Let me suggest a Pinot Noir from Joe Wagner, who owns four vineyards along the California coast. He calls his wines Belle Glos (pronounced ‘Bell Gloss’) after his grandmother, a co-founder of the famous Caymus Vineyards in Napa.
Caymus makes one of the premier Cabs in California — maybe try one on New Year’s Eve, before the Champagne — and Joe Wagner grew up as a sort of vine rat, helping to tend the vineyard. He ventured out on his own in 2001. His most recent vineyard, on the site of an old dairy farm in Sonoma, is called Dairyman.
It nestles in the cool, foggy Russian River Valley and produces a luscious Pinot Noir that lists for $55, but which you can probably snag from an understanding vendor for $48-$49.
Nietzsche famously remarked that ‘What doesn’t kill me makes me stronger.’ Like many things the old philologist said, that is not true, at least not of people. It sounds good, though, and it does have a certain truth when applied to vines. To a certain point, the more they are stressed, the more concentrated the flavor of the grapes. This is why poor soil tends to make for good-tasting wine. ‘In Dairyman,’ Wagner’s literature notes, ‘each vine has been trained up on a vertical shoot position (VSP) trellis, which both limits the growth and opens up the typically congested fruit zone. The combination of low-vigor rootstock and alluvial soil stress the vines, while the cool, coastal climate creates a long growing season that brings about small, concentrated, and flavorful berries.’
Wagner seals his bottles with a distinctive scarf of burgundy-colored, wax-like plastic over the cork and partway down one side of the bottle. A small knob attached to a sturdy string protrudes from underneath the lip and one removes the top of the seal by pulling — hard — on the knob.

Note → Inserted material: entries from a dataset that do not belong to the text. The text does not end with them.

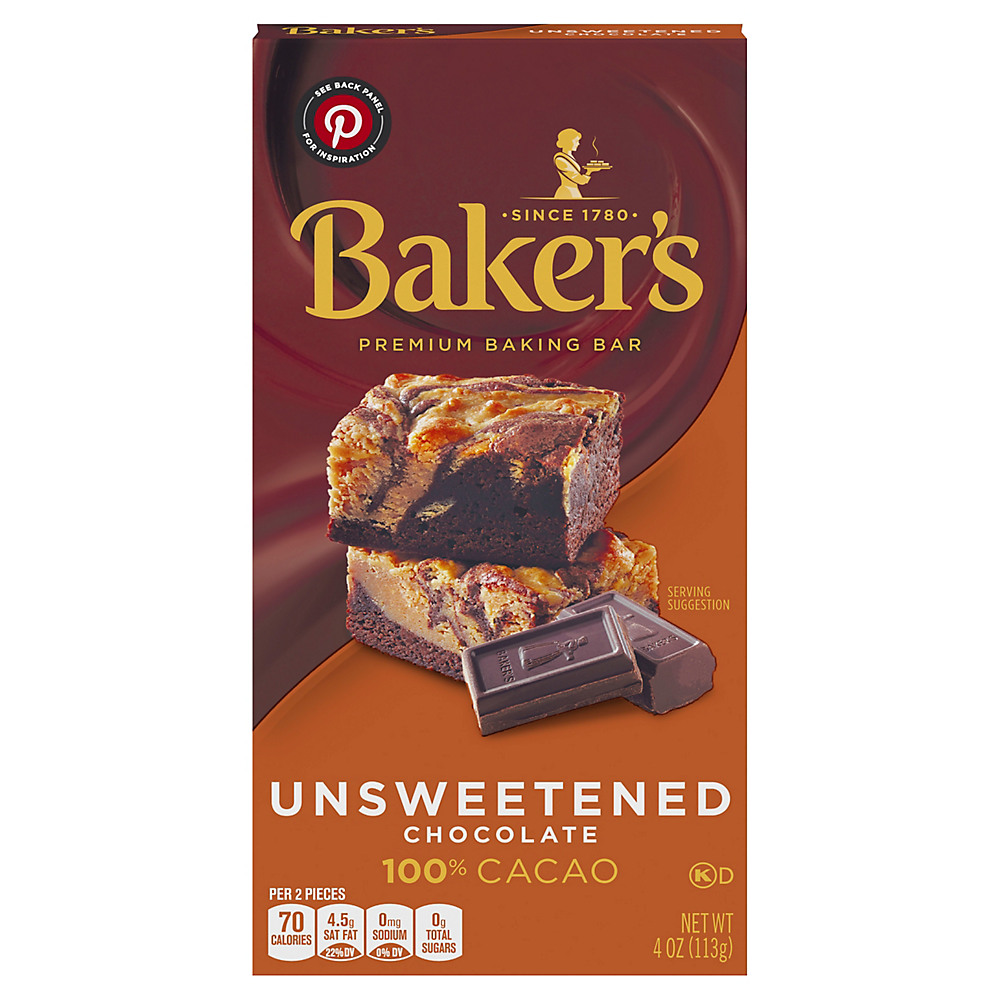 Calories in Baker's Unsweetened 100% Cacao Baking Chocolate Bar, 4.00 oz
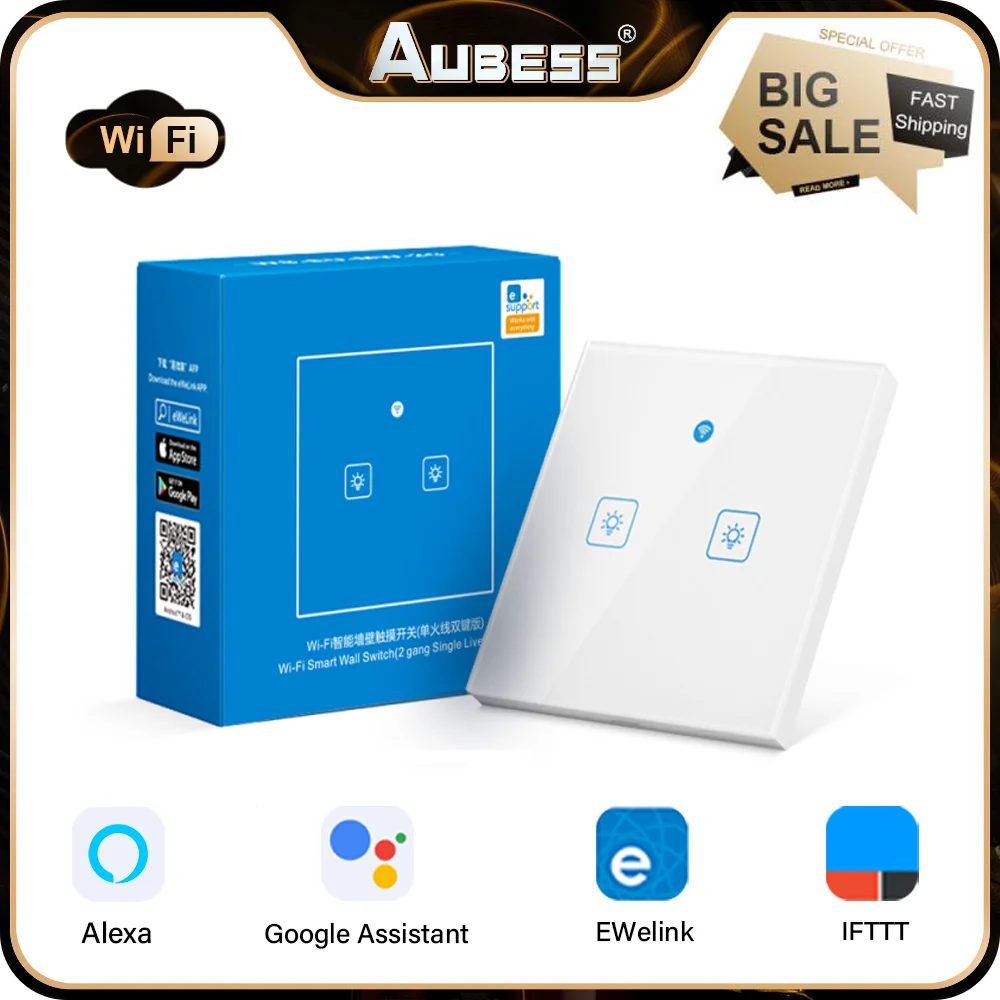 Smart Wifi Touch Wall Light Switch No Neutral Wire EWelink APP Remote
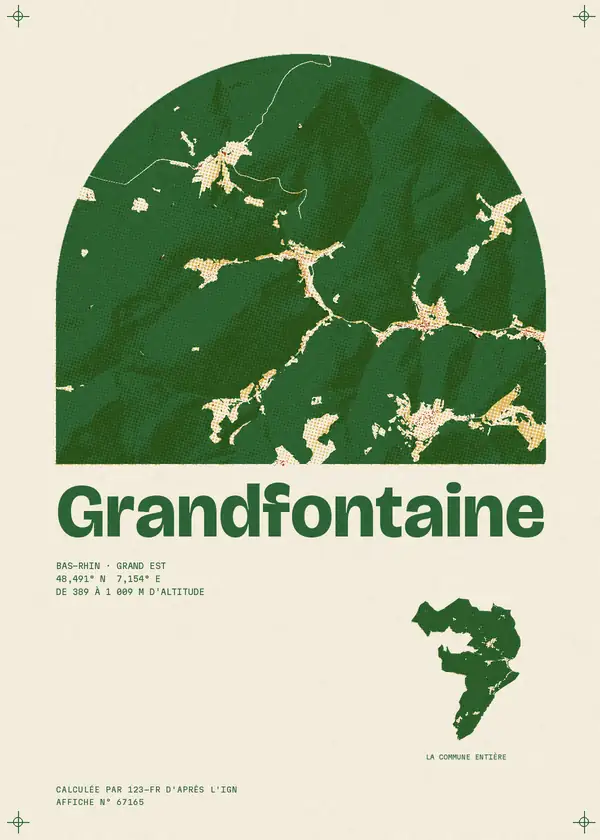 Affiche de Grandfontaine, calculée par 123-fr d'après l'IGN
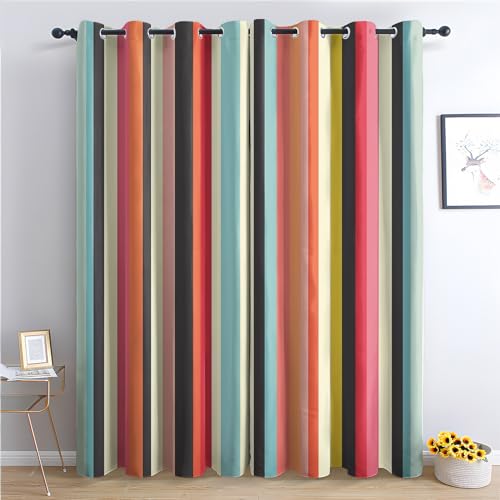 AncyloPryn Colorful Striped Curtains, Vibrant Striped Blackout Curtains for Bedroom,
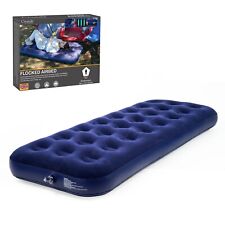 Single Flocked Airbed Inflatable Camping Mattress Blow Pump Up Air Bed Camping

The 2018 vintage, aged nine months in French oak, was released in 2019. It was a warm growing season with an average temperature of 77.6°, which probably helps account for the wine’s friendly fruit forwardness. Wagner describes the 2018 Dairyman as a ‘tremendously complex and broad-shouldered wine [that] finishes with grace’. This is true. Oenophiles are always discovering (when they are not simply imputing) all manner of strange tastes and scents in wine. But Dairyman really is reminiscent of some old standbys in the vocabulary of wine speak: there are hints of pipe-tobacco, fresh leather and vanilla in the finish.
Try it and you will see, or taste, for yourself. The wine is full and lingering in the mouth, beautifully structured and somehow confidential. At a robust 14.5 percent alcohol, it is also hearty: just right for that beef you prepared and are planning to enjoy in front of the fire while reciting Horace among friends, with or without a kidnapped German general.